- _Given records_:
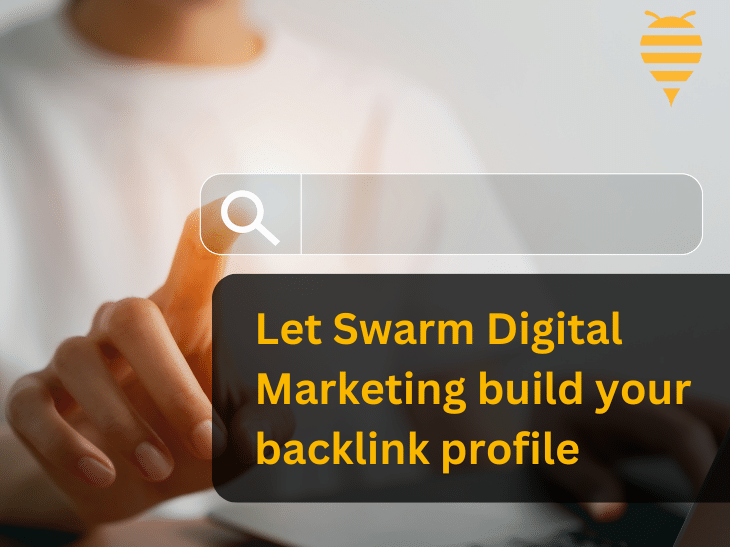 This graphic features a digital marketing team member sitting at his desk on his laptop, pointing at a search bar. This adds emphasis to the overlay text, that advises business owners to let Swarm Digital Marketing build their backlink profile. In the top right is the swarm digital marketing logo.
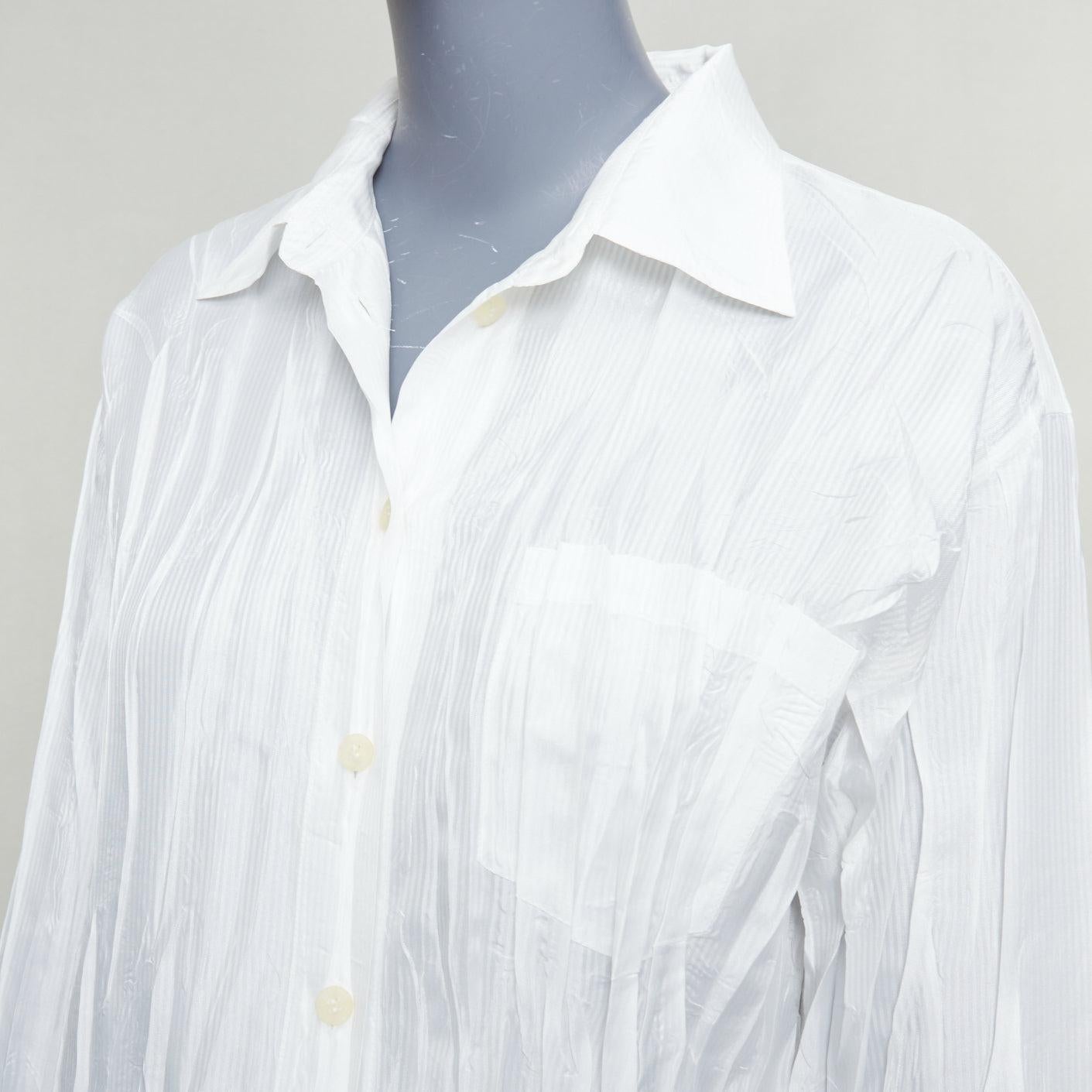 ISSEY MIYAKE Pleats Please white plisse pocketed shirt JP4 XL
Reference: PRWU/A00159
Brand: Issey Miyake
Collection: Pleats Please
Material: Polyester
Color: White
Pattern: Solid
Closure: Button
Made in: Japan

CONDITION:
Condition: Excellent, this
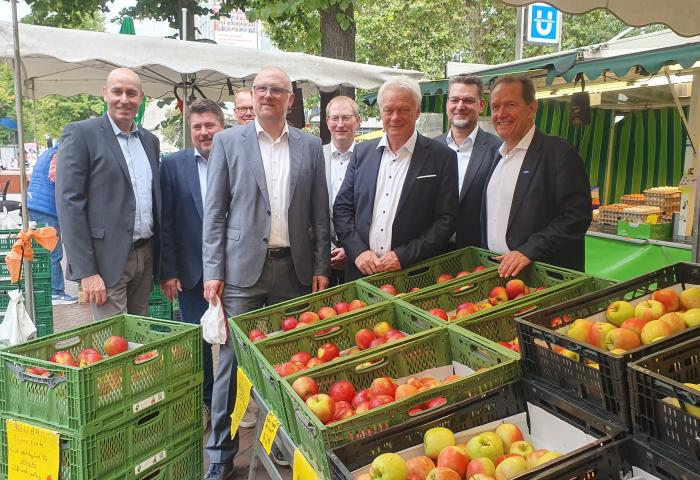 Männer stehen an einem Marktstand vor Äpfeln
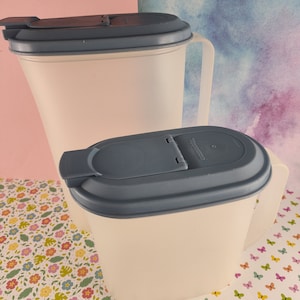 Può includere: Due brocche di plastica bianco sporco con coperchi blu scuro. Le brocche hanno manici e sono di dimensioni diverse. I coperchi hanno un design a ribalta. Lo sfondo è un mix di rosa, blu e motivi floreali.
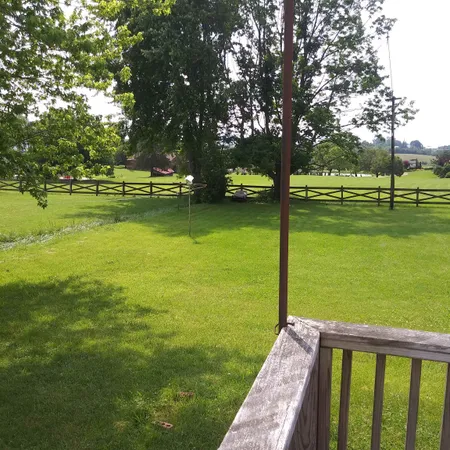 a view of wooden deck and a yard with green space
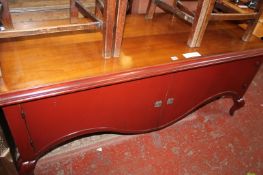 A red lacquered low side cupboard 160cm wide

- _What you should do_: Give every entry again verbatim, with no pictures.

- _Answer for this exercise_:
 This graphic features a digital marketing team member sitting at his desk on his laptop, pointing at a search bar. This adds emphasis to the overlay text, that advises business owners to let Swarm Digital Marketing build their backlink profile. In the top right is the swarm digital marketing logo.
 ISSEY MIYAKE Pleats Please white plisse pocketed shirt JP4 XL
Reference: PRWU/A00159
Brand: Issey Miyake
Collection: Pleats Please
Material: Polyester
Color: White
Pattern: Solid
Closure: Button
Made in: Japan

CONDITION:
Condition: Excellent, this
 Männer stehen an einem Marktstand vor Äpfeln
 Può includere: Due brocche di plastica bianco sporco con coperchi blu scuro. Le brocche hanno manici e sono di dimensioni diverse. I coperchi hanno un design a ribalta. Lo sfondo è un mix di rosa, blu e motivi floreali.
 a view of wooden deck and a yard with green space
 A red lacquered low side cupboard 160cm wide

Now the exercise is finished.